Возникновение жанра голландского натюрморта невозможно рассматривать иначе, как в контексте духовного движения XVI века, способствовавшего кризису ренессансной культуры, в контексте протестантизма, причем Кальвиновского толка, как наиболее характерного для Голландии. Реформация затронула не только церковную традицию. Она была переворотом всей жизни голландского общества. «Порожденный протестантизмом индивидуализм привлек внимание к субъективным формам жизни личности, природы и общества» (А. Ф. Лосев).
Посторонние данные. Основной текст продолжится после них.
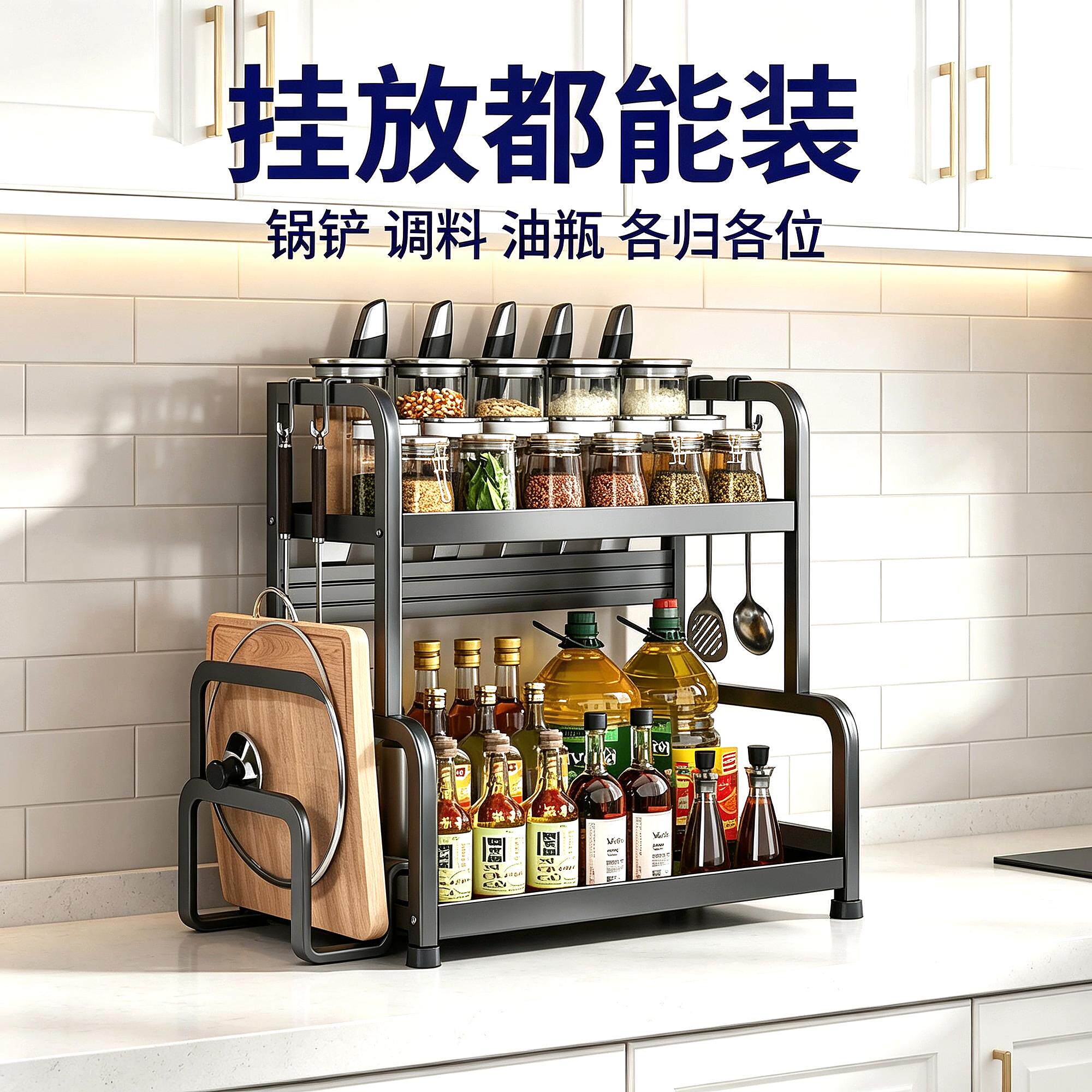 组合商用置物柜10cm厨房调料置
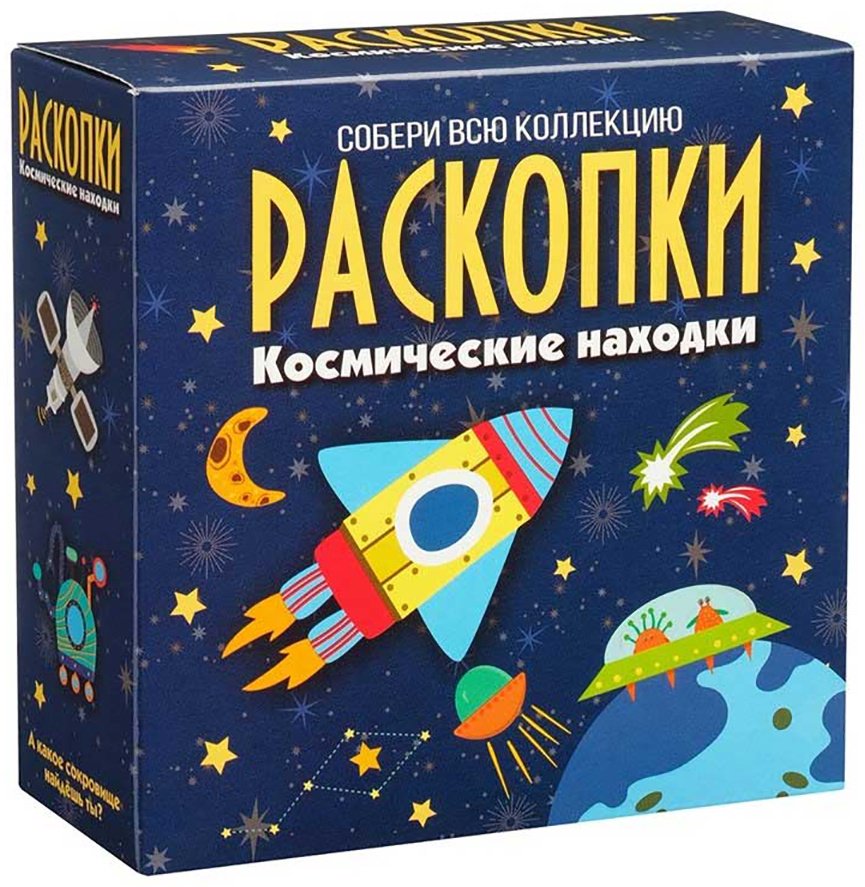 Проведение раскопок Раскопки Космические находки купить,NaN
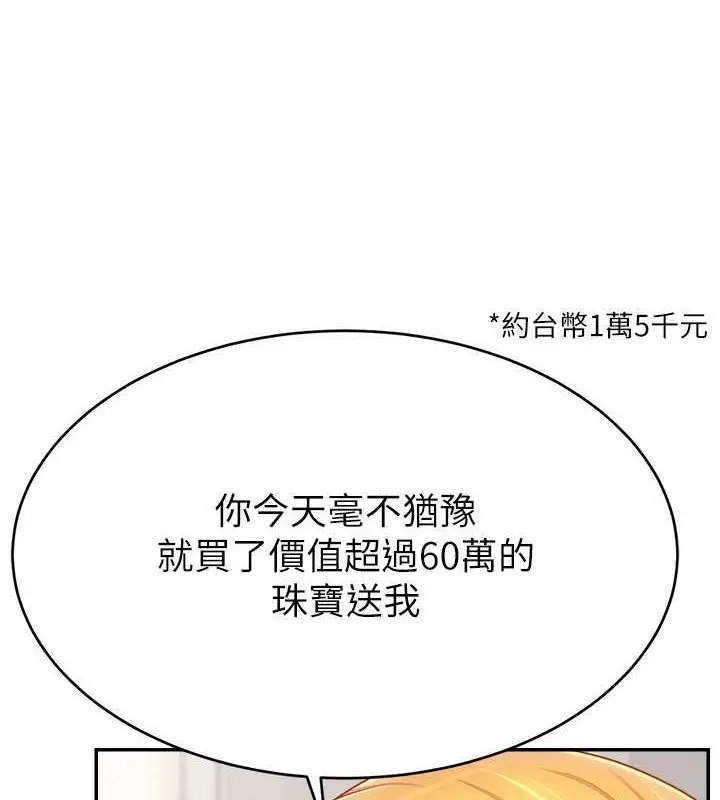 漫画《直播主的流量密码》第39话第10张图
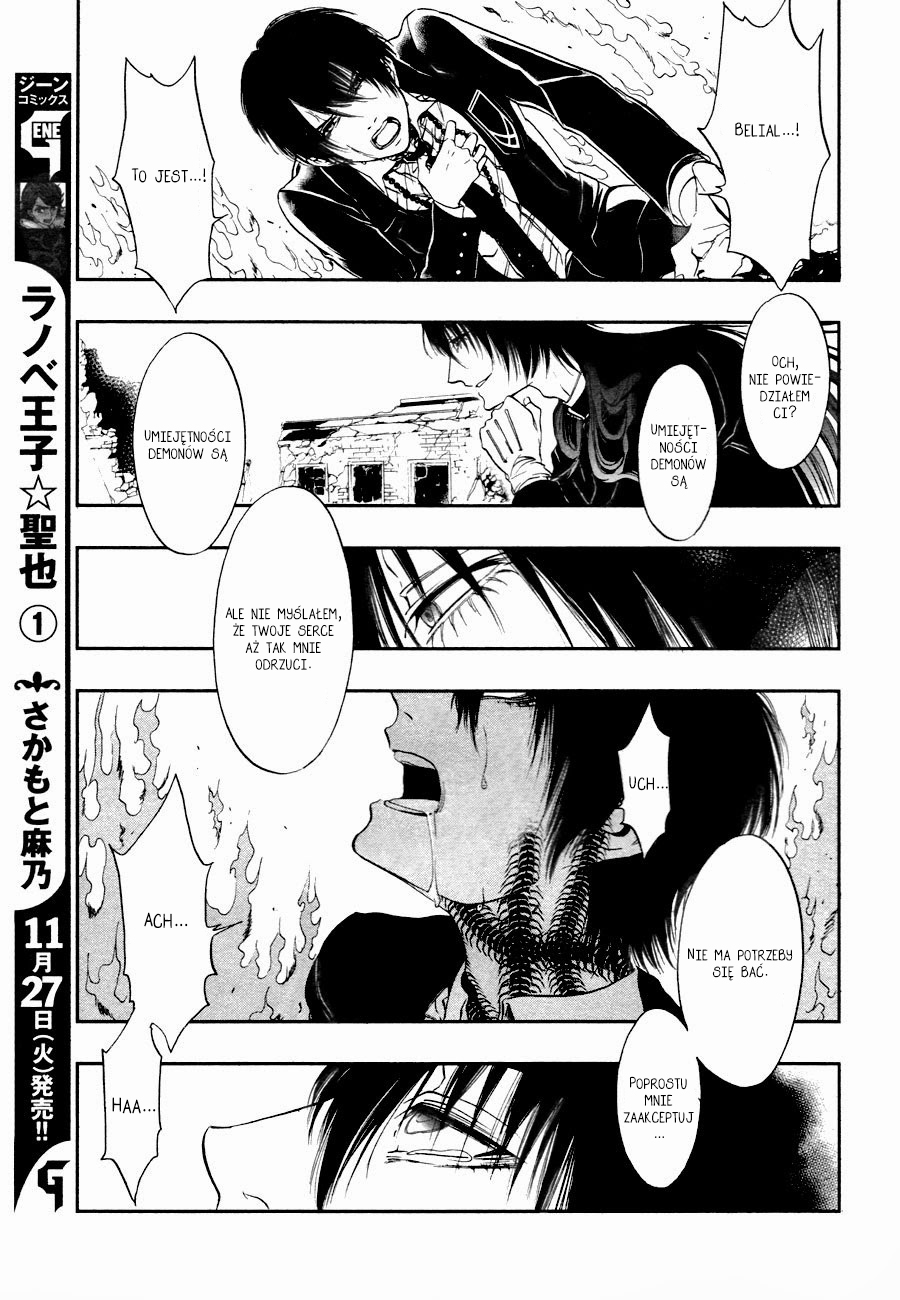 Rengoku no Karutagura Vol. 1 Ch. 3 第32页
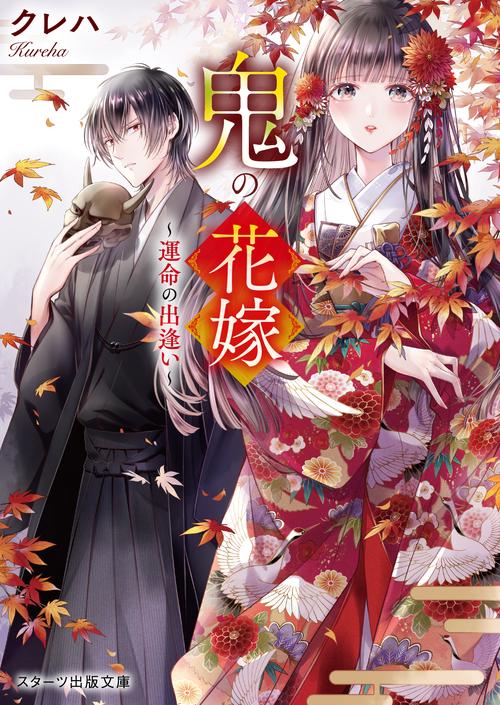 鬼の花嫁運命の出逢い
Жан Кальвин был представителем строгого, пуританского аскетического протестантизма. Он признавал искусство одним из даров Божьих, он знал слова св. Григория об изображениях, как о Книге для неграмотных. Но в своих трудах и проповедях Кальвин подчеркивал, что Дух Божий судил иначе:
Всему народу следует учиться читать, а узнавать Библию посредством изображений фривольно и оскорбительно для Бога. Бог слишком возвышен для человека и человеческого глаза. Фантазия художника может лишь испортить Его безграничное совершенство.
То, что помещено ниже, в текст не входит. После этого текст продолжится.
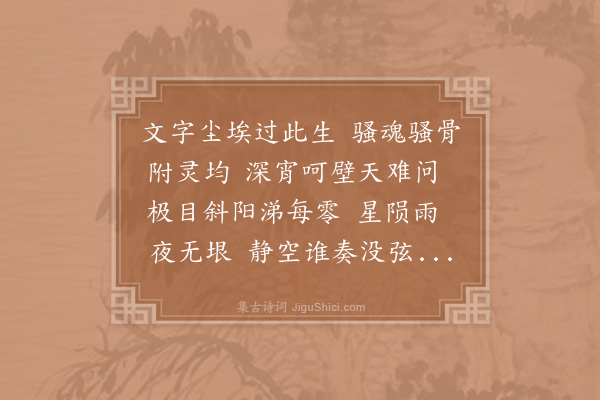 杨启宇《鹧鸪天·其六十五·前游仙词七十一首》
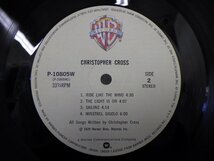 LP レコード 帯 CHRISTOPHER CROSS クリストファー クロス 南から来た男 【 E+ 】 H2302Z_画像7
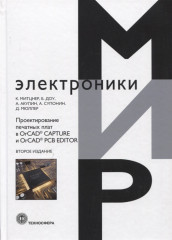 Проектирование печатных плат в OrCAD
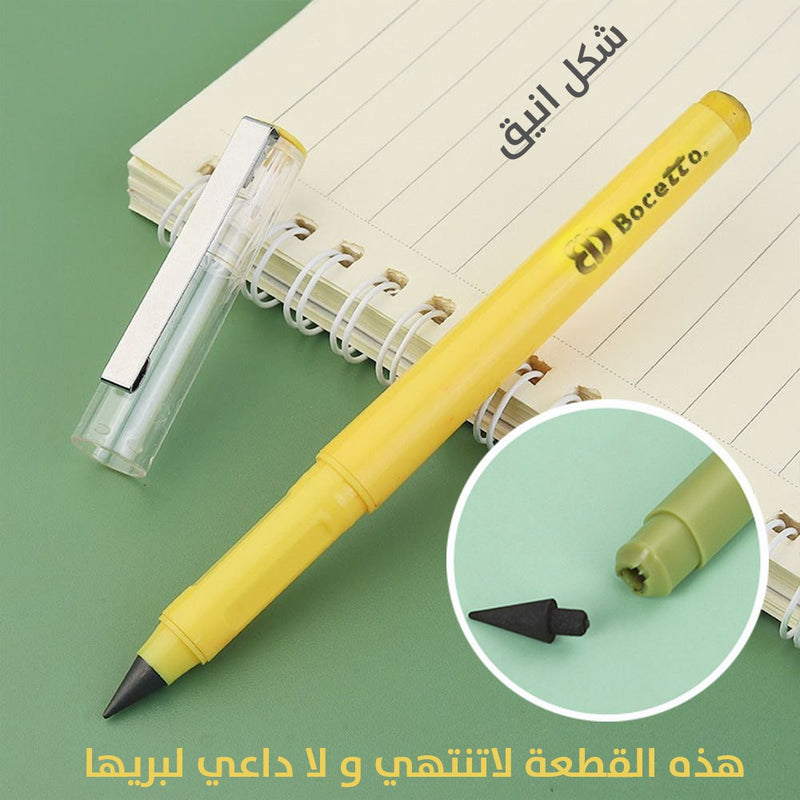قلم الرصاص العجيب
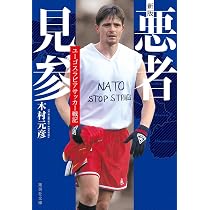 誇り ドラガン・ストイコビッチの軌跡 (集英社文庫) | 木村 元彦 |本
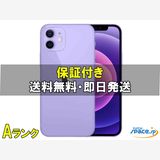 [Quality Shop]���A iPhone12 64gb purple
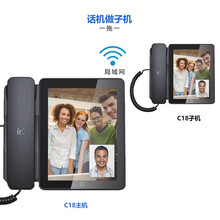 铱方 网络IP录音电话机 安卓电话 智能可视电话机 视频电话 黑名单拦截 子母机套装 C18一拖一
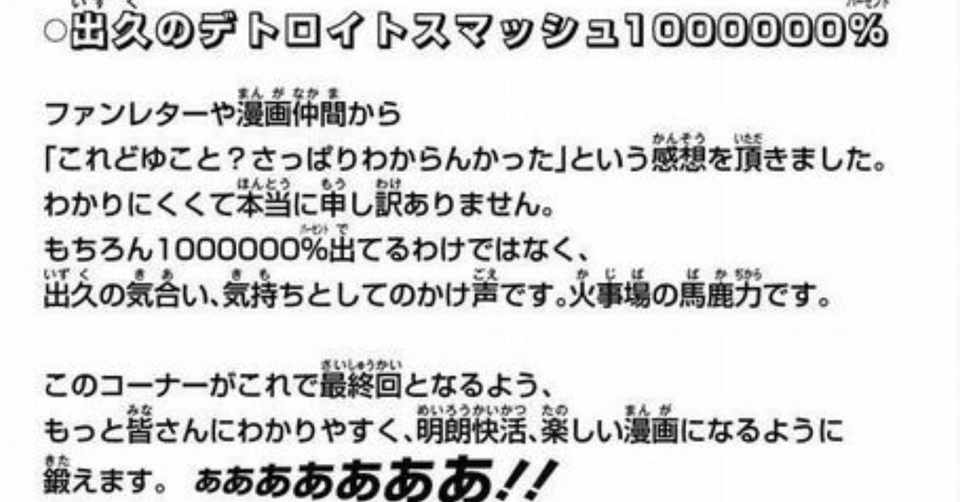 ヒロアカ丸太問題について思う事 クソ旗 Note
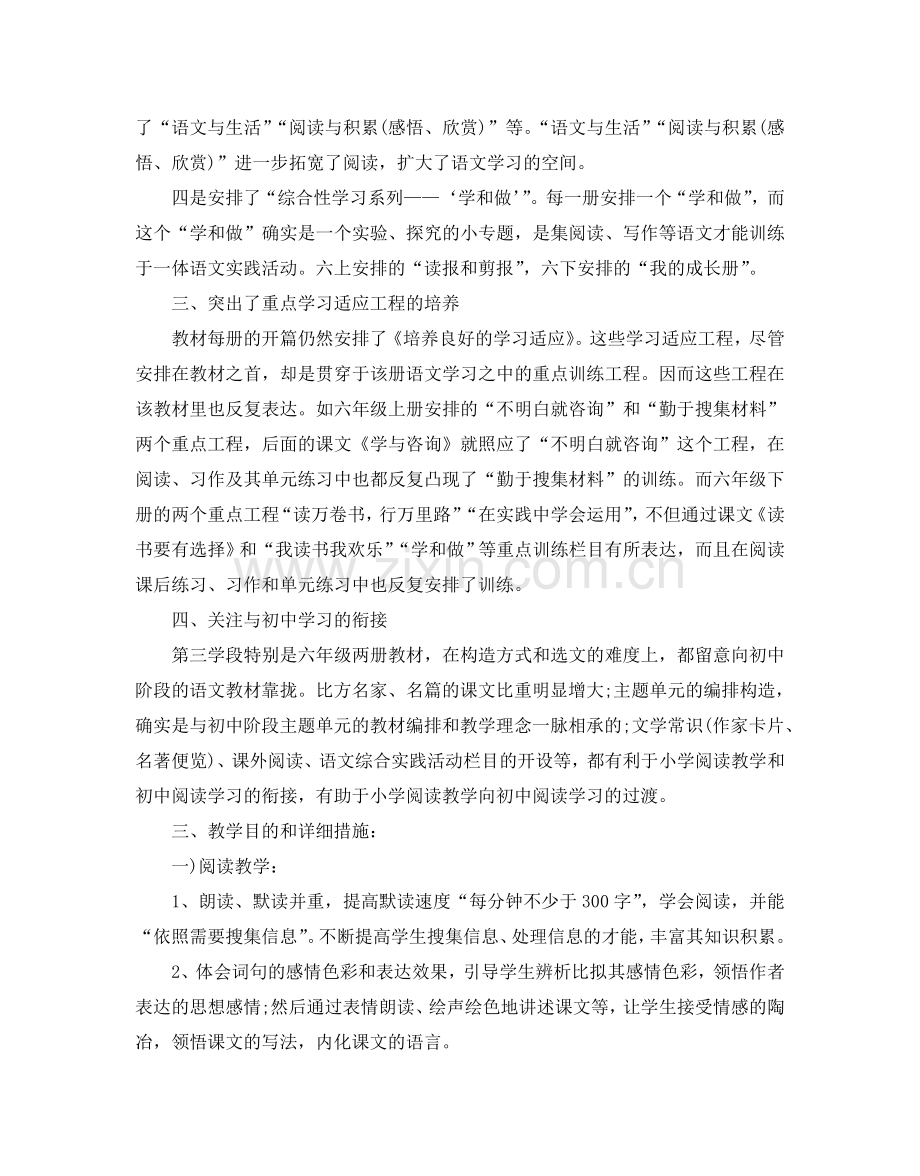 六年级上册语文教学参考计划范文.doc_第2页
Последователи Кальвина пошли дальше. Из церквей удалялись картины на религиозные темы. Искусству оставлялась педагогическая задача – укрепление морали, роль живописи сводилась в лучшем случае – к катехизису. Искусство рассматривалось как второстепенное занятие, не касающееся существа веры, т. к. протестантская служба не нуждалась в чувственном обрамлении. Она более для слуха, чем для глаза. Вместе с тем, вера охватывает всю деятельность человека. Религия освящает всю повседневную жизнь. И постепенно искусство все больше обособлялось от Церкви. Это ускорило развитие светских тенденций в искусстве. Картина из церкви переселилась в дома бюргеров. Но Бог продолжал говорить языком искусства. Именно это заставляло голландских художников с удивительным постоянством обращаться к жанру «stilleven», что значит «тихая жизнь», это название гораздо вернее раскрывает суть жанра, чем более привычное для нас слово «натюрморт» – «мертвая природа».
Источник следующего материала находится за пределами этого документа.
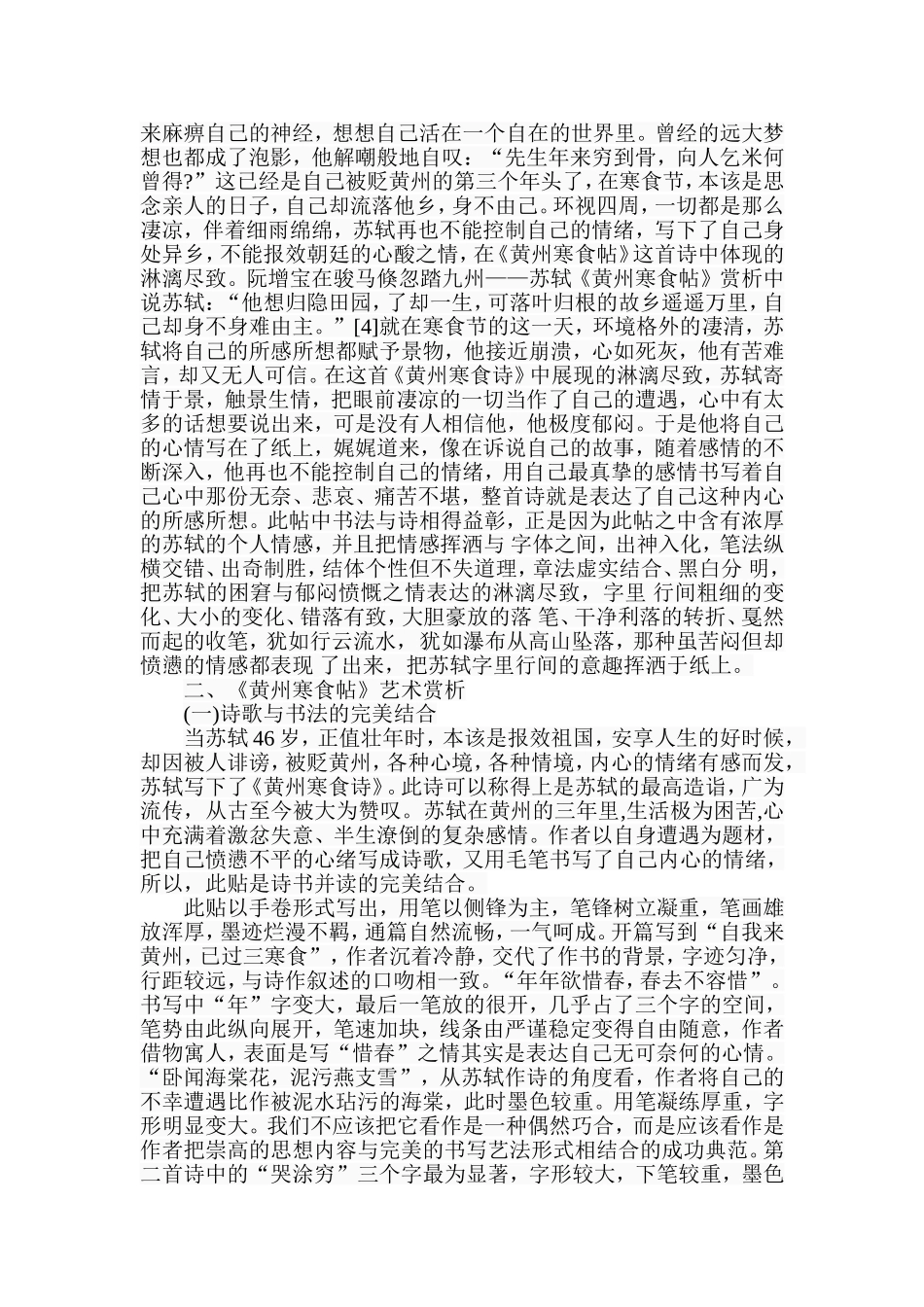 苏轼《黄州寒食帖赏析》分析研究   汉语言文学专业_第3页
Голландские живописцы, создавая свои «десерты», как их иногда называли, сохраняли почти неизменной композицию из картины в картину. Все предметы в них говорят, все они символичны. Первые «stilleven» весьма просты, но символически насыщенны: хлеб, бокал вина, рыба – символы Иисуса Христа, нож – символ жертвы, лимон – символ неутоленной жажды; несколько орехов в скорлупе – душа, скованная грехом; яблоко напоминает о грехопадении и т. д. Все стоит чинно, словно в торжественном предстоянии.